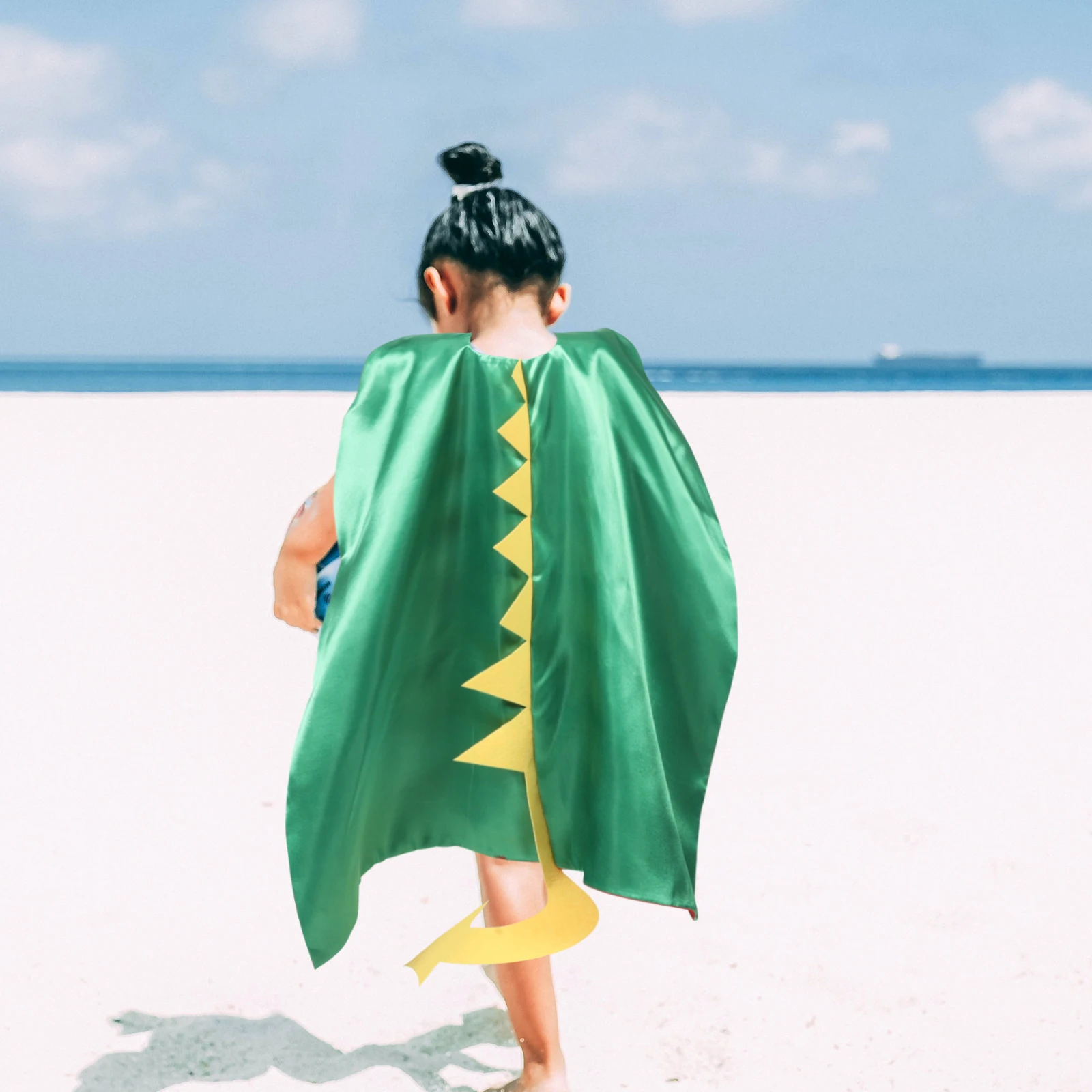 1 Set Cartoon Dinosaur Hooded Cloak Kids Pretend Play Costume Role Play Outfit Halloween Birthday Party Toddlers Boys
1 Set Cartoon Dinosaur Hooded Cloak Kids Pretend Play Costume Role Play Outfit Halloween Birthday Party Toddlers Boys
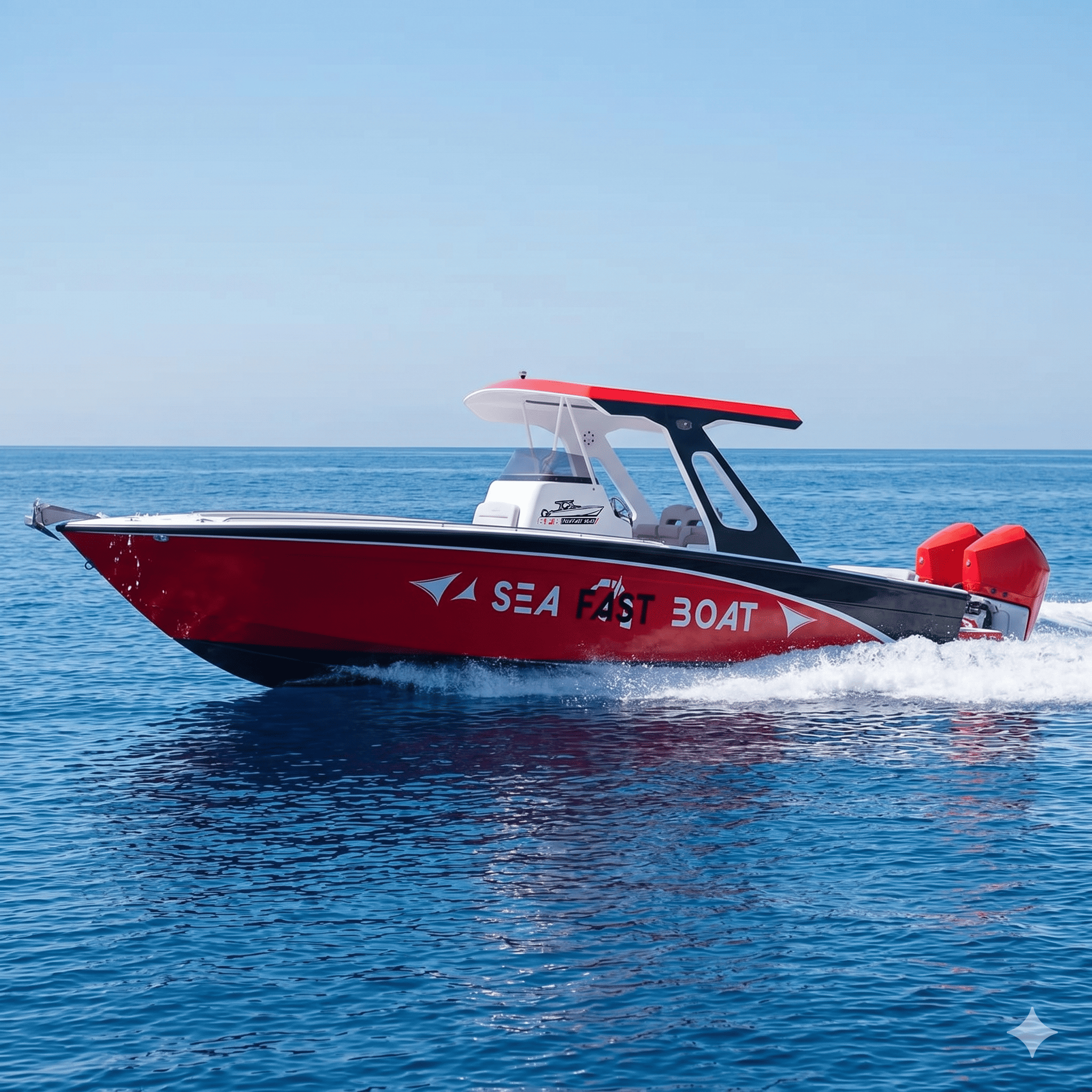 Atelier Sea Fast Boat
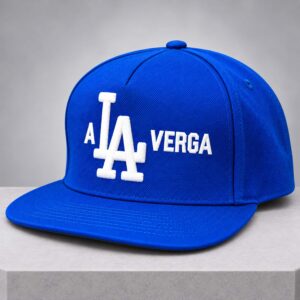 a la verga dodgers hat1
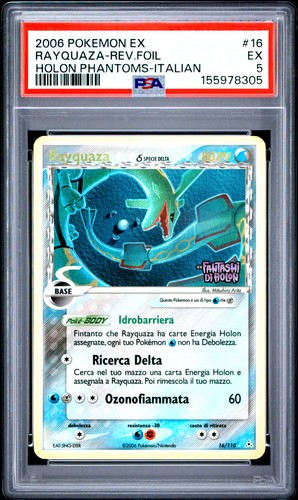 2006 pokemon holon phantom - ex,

= = = = = = =

### Work order
Pictures aside, repeat every entry exactly as written.

### Written solution
 1 Set Cartoon Dinosaur Hooded Cloak Kids Pretend Play Costume Role Play Outfit Halloween Birthday Party Toddlers Boys
1 Set Cartoon Dinosaur Hooded Cloak Kids Pretend Play Costume Role Play Outfit Halloween Birthday Party Toddlers Boys
 Atelier Sea Fast Boat
 a la verga dodgers hat1
 2006 pokemon holon phantom - ex,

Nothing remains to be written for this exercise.